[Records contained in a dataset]
****************************************
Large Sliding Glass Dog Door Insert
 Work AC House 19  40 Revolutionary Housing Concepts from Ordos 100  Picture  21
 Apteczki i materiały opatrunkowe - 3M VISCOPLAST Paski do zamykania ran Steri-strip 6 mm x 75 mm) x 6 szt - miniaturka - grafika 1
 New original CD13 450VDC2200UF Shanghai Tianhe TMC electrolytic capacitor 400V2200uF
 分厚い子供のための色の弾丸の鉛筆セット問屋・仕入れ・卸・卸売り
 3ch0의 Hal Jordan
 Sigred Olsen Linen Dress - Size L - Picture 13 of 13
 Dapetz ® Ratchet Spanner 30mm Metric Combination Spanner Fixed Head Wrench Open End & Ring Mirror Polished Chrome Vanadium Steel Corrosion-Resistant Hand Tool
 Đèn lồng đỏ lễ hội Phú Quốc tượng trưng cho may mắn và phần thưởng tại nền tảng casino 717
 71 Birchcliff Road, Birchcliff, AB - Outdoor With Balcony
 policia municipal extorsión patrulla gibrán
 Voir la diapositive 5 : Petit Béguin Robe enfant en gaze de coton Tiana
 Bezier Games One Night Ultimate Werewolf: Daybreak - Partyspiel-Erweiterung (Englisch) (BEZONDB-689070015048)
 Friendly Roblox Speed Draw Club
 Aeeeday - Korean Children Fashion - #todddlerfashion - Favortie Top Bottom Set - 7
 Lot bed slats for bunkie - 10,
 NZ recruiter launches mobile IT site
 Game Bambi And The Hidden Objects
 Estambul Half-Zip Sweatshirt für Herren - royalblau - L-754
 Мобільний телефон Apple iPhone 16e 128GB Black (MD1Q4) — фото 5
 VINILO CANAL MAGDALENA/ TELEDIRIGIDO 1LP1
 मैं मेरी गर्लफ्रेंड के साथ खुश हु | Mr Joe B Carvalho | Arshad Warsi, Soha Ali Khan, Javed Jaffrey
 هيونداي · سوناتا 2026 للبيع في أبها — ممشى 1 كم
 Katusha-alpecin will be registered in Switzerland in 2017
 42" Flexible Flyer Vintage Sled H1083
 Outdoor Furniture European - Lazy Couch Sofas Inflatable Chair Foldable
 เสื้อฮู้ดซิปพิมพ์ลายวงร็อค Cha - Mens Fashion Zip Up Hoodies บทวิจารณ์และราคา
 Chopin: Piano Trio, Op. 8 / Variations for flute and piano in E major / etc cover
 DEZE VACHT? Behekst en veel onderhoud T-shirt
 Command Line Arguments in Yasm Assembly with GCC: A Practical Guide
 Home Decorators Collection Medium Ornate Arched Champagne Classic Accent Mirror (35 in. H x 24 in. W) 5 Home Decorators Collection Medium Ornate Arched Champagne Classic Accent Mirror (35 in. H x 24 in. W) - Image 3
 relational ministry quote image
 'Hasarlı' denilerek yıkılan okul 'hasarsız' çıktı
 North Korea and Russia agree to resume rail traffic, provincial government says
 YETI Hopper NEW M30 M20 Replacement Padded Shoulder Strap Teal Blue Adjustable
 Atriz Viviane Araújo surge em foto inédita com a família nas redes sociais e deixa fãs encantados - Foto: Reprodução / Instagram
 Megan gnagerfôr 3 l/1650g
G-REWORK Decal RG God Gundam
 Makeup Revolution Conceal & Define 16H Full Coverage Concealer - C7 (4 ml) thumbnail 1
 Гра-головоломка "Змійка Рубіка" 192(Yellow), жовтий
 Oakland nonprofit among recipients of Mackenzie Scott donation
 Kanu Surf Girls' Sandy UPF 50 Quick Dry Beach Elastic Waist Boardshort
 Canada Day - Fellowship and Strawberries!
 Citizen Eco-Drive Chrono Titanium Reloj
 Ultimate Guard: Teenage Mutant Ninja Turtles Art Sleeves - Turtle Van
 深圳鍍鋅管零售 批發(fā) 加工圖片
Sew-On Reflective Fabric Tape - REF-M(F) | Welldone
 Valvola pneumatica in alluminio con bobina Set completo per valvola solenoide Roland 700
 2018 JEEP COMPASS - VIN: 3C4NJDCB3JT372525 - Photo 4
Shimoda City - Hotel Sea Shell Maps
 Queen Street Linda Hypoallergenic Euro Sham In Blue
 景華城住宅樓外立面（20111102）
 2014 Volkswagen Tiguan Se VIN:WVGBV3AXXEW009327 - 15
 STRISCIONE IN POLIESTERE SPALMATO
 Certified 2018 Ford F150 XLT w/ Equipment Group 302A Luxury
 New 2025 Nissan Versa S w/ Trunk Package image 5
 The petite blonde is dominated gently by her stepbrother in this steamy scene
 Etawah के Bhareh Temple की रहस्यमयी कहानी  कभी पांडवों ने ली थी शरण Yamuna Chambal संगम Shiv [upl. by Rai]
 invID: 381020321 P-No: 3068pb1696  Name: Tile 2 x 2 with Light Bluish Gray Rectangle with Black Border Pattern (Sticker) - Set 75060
****************************************
# WORK TASK:
Which lines in the records above contain the string "Fashion"? Copy each one.

# EXERCISE SOLUTION:
 Aeeeday - Korean Children Fashion - #todddlerfashion - Favortie Top Bottom Set - 7
 เสื้อฮู้ดซิปพิมพ์ลายวงร็อค Cha - Mens Fashion Zip Up Hoodies บทวิจารณ์และราคา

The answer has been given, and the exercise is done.